If machine learning algorithms are unfairly discriminating against some group, then they are making sub-optimal decisions and costing their users money. This is a self-righting problem.

However, a good machine learning algorithm may uncover statistical relationships that people don't like; for example, perhaps some nationalities have higher loan repayment rates. In these cases, the algorithm is not at odds with reality; the angsty humans are. If some people want to force machines to be irrational, they should at least be honest about their motivations and stop pretending it has a thing to do with "fairness".

3 comments

This is a great point. People believe that most groups are basically equal; this is true in the sense that if people were raised in identical environments with equal opportunities than it probably wouldn't really matter what group they were in, but wrong because that isn't the world we live in. Different groups on average experience much different environments. Machine learning doesn't care why the differences in groups arises, but people do. Fundamentally the question is whether we want to base our decisions based on how the world is, or on how we want the world to be.
It comes down to a choice between equality of opportunity versus equality of outcome (or some mix of the two). You can't have both - granting equal opportunities will result in unequal outcomes for all kinds of fair and unfair reasons; and ensuring equal outcomes requires unequal opportunities (e.g. quota systems).

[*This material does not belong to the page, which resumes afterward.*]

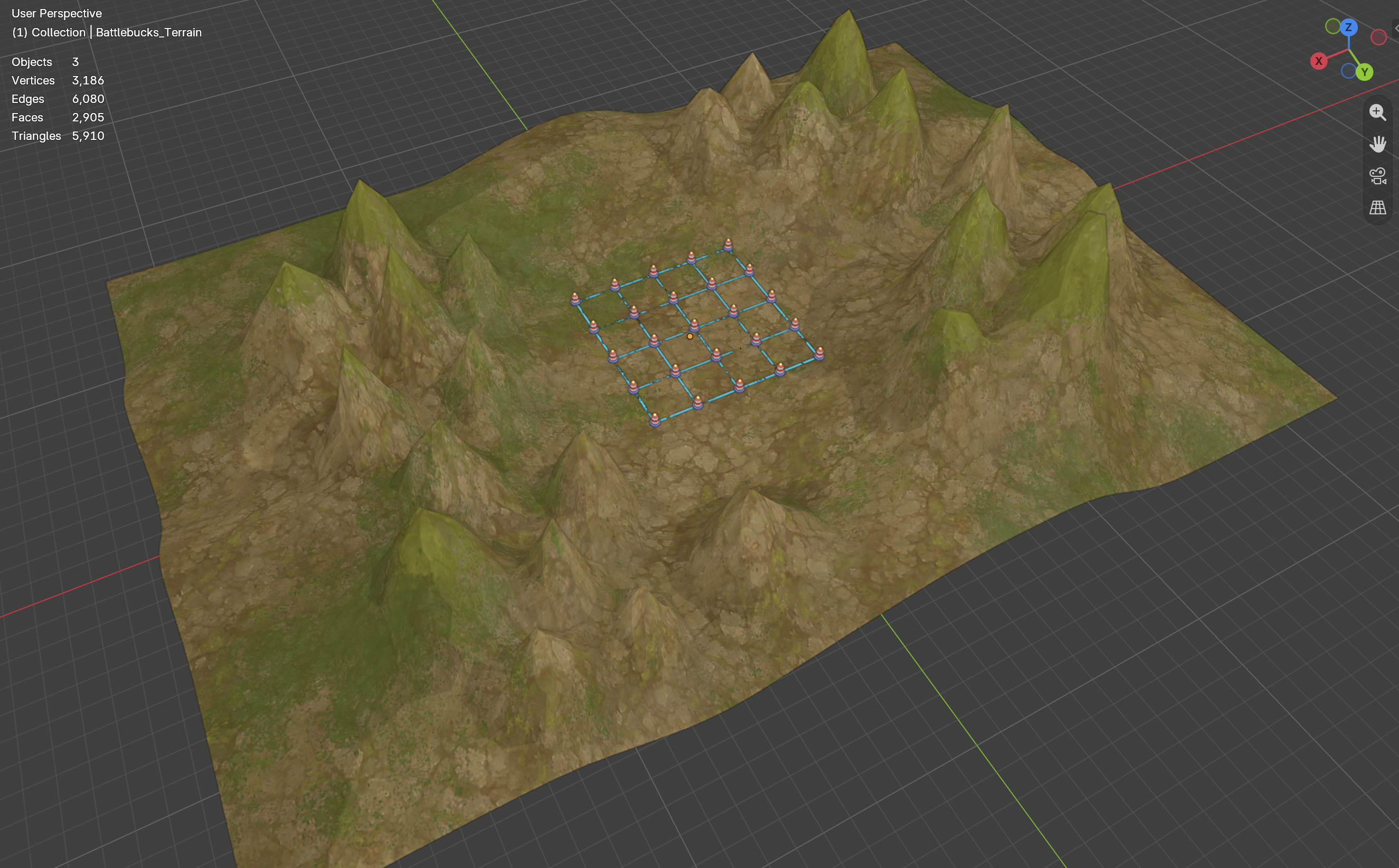 BattleBucks environment final textured view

For unfair stereotypes it's simple, you just ignore them; but there will be some group differences that are real - it would be a mighty coincidence if so many so diverse groups would magically happen to be identical in all aspects.

So it's up for the society to decide what to choose what we will do if it turns out that, other observable factors being equal, race/religion/ethnic background/etc X actually is 10% more likely to default on a loan.

I keep making essentially the same point about race/gender discrimination in tech. If group X is as effective as group Y but you can get away with paying them 20% less, why would you NOT hire group X? There's no corporation that's so racist or sexist that it'll turn down saving 20% on payroll.

The issue here isn't that machine learning gives wrong answers, it's that our definition of 'fair' is irrational.

>If group X is as effective as group Y but you can get away with paying them 20% less, why would you NOT hire group X?

Hypothetical possibility: members of group X are not perceived as 100% as effective as group Y because of pervasive bias by the employers that assumes their incompetence. They are generally perceived to be 80% as effective as a standard Y member despite actual 100% performance, and paid accordingly. A member of X needs to be 120% as effective as a Y member to be perceived at 100% Y efficiency because of stereotypes coloring their perception and an inability to objectively evaluate their performance.

Some non-hypothetical studies touching on this:

http://www.nber.org/papers/w9873.pdf http://www.pnas.org/content/109/41/16474.full.pdf+html http://advance.cornell.edu/documents/ImpactofGender.pdf http://www.socialjudgments.com/docs/Uhlmann%20and%20Cohen%20...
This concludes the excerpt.